Sabbatical

Sabbatical
Sabbatical!!

Saturday, August 31, 2013

Procedures and Goodbyes


All,


So sorry for letting another week go by, but I’m just going to get the blog out when I do; so here goes.

As I am writing, I am watching my right hand because it is covered in the most beautiful color of brown and white.  I want to show it to the world!  My supposedly uncreative sister came up with the most creative idea so far.  While we were on the beach, she and I were talking about tattoos that we’ve always kind of wanted to do, and unfortunately I’ve waited too long. The oncologist said, “ no”.  So, we were trying to come up with alternatives, and she found a henna artist in Cleveland on line.  We had 11 crazy hens and two boys who all got henna on arms, legs, and shoulders.  We look fabulous!  Even the hubby, who ran away screaming when we started, got his own little tattoo at the end of the evening.  What a star.  And while we rubbed off the black henna goop after so many hours, the color has darkened over the last three days to a lovely brown color, as seen above and below:




This was a perfect night to say goodbye to Katie as she was getting ready to leave for college the next day.  In the morning, she was ready.  The  car was packed and she had decided to go to leave around 1pm.  As the time came closer and passed, we realized that she was a mess, and she wasn’t ready to drive away at all.  In fact, she started out, and with her incredible wisdom, turned around after about 20 minutes and came back really to be with her brother; thank goodness they have each other.  This time gave us dinner with her, some silly TV to laugh at together (try Parks and Recreation!), time to talk and then a good night sleep.  She was much more ready to make the trip the next day, and she has reported in that she is happy and excited about sorority life and the new academics coming.  I’m so proud of her I can barely stand it.




We still have a week with our son, and he is just now getting all the things he needs to get done before the rising senior (oh, how did it happen so fast??) goes back to Maine.  He has the added distinction of trying to figure out what he wants to do with himself after college, a thesis requirement, and a final lacrosse season that he wants so much to make great.  I’m so proud of him I can barely stand it. 

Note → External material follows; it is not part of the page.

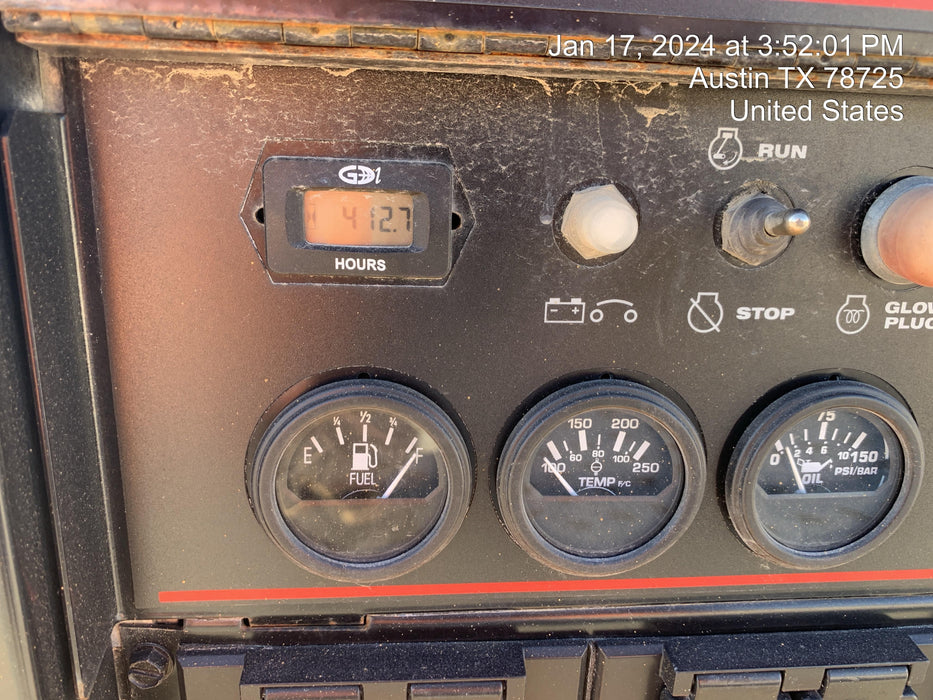 2022 Lincoln Electric LE400 Kubota V1505, Trlr, Cable Rack, Light Kit, ES Decals, T3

Now, we have to make sure that my status is clear to them all the time.  That is a requirement they have made for us that we can do.  No more protecting them from things.  I know we have done that over the years, just trying to make their lives more “normal”.  But now that must end.  They are smart and able, and they have worked this summer on how to go back to school and who needs to know what is happening.  But, oh dear, this is hard.  I have had them around in a way I haven’t ever before.  They have been so close to me, and so present and mindful of what is happening that I will really miss them.  But I know where they are, and we are going to be talking, skyping, texting, whatever, so that I still feel them close and they feel me.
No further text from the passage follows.